The records below are to be retyped in full. Keep every word.

> [INPUT MATERIAL]:
****************************************

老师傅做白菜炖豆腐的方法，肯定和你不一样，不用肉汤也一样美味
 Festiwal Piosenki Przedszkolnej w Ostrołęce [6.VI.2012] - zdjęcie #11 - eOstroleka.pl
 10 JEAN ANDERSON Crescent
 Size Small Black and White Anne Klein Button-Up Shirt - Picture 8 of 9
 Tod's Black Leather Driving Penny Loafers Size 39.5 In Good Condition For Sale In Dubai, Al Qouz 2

****************************************

> [RESPONSE TO THIS TASK]:
老师傅做白菜炖豆腐的方法，肯定和你不一样，不用肉汤也一样美味
 Festiwal Piosenki Przedszkolnej w Ostrołęce [6.VI.2012] - zdjęcie #11 - eOstroleka.pl
 10 JEAN ANDERSON Crescent
 Size Small Black and White Anne Klein Button-Up Shirt - Picture 8 of 9
 Tod's Black Leather Driving Penny Loafers Size 39.5 In Good Condition For Sale In Dubai, Al Qouz 2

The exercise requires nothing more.